### Information ###

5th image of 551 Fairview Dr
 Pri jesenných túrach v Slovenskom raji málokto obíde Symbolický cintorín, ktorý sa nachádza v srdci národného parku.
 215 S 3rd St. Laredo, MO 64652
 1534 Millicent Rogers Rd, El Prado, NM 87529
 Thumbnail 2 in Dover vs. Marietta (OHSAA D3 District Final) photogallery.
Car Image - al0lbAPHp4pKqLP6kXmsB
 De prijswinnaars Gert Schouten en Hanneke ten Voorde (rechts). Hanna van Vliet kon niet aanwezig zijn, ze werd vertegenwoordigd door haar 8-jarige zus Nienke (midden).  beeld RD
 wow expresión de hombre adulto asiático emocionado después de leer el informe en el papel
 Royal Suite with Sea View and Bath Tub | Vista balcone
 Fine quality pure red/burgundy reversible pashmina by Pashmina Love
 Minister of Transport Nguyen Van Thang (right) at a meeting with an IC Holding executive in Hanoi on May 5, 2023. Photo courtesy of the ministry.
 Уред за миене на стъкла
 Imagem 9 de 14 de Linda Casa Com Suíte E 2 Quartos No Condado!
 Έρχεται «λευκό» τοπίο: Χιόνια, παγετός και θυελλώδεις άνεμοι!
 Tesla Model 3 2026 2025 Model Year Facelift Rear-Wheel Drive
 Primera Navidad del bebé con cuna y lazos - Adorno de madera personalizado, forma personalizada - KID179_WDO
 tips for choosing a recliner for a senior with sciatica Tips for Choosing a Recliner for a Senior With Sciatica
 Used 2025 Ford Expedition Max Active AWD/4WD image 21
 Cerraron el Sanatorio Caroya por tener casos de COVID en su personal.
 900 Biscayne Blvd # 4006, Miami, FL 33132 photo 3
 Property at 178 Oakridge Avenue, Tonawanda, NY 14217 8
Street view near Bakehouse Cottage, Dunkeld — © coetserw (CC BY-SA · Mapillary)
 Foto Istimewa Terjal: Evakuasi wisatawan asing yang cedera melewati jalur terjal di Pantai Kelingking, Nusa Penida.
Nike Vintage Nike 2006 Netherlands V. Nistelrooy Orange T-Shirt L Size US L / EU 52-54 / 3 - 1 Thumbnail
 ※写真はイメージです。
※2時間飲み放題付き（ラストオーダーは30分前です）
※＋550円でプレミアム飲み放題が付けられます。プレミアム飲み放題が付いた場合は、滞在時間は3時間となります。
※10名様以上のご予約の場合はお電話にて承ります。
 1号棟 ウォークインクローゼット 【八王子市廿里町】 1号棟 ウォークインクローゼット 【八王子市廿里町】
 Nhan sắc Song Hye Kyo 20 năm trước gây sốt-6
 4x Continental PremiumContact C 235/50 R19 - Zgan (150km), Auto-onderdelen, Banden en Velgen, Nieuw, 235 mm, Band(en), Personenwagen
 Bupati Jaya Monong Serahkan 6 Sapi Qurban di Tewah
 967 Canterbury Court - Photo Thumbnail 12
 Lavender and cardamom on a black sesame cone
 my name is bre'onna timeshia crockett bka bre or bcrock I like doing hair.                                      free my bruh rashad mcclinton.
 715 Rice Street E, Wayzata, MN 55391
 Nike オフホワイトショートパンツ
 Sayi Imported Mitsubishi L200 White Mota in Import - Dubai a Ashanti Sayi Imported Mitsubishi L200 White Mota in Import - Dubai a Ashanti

###

- _Exercise directions_: Copy out the lines above word for word, stopping after the line containing "Imagem 9 de".

- _Task answer_:
5th image of 551 Fairview Dr
 Pri jesenných túrach v Slovenskom raji málokto obíde Symbolický cintorín, ktorý sa nachádza v srdci národného parku.
 215 S 3rd St. Laredo, MO 64652
 1534 Millicent Rogers Rd, El Prado, NM 87529
 Thumbnail 2 in Dover vs. Marietta (OHSAA D3 District Final) photogallery.
Car Image - al0lbAPHp4pKqLP6kXmsB
 De prijswinnaars Gert Schouten en Hanneke ten Voorde (rechts). Hanna van Vliet kon niet aanwezig zijn, ze werd vertegenwoordigd door haar 8-jarige zus Nienke (midden).  beeld RD
 wow expresión de hombre adulto asiático emocionado después de leer el informe en el papel
 Royal Suite with Sea View and Bath Tub | Vista balcone
 Fine quality pure red/burgundy reversible pashmina by Pashmina Love
 Minister of Transport Nguyen Van Thang (right) at a meeting with an IC Holding executive in Hanoi on May 5, 2023. Photo courtesy of the ministry.
 Уред за миене на стъкла
 Imagem 9 de 14 de Linda Casa Com Suíte E 2 Quartos No Condado!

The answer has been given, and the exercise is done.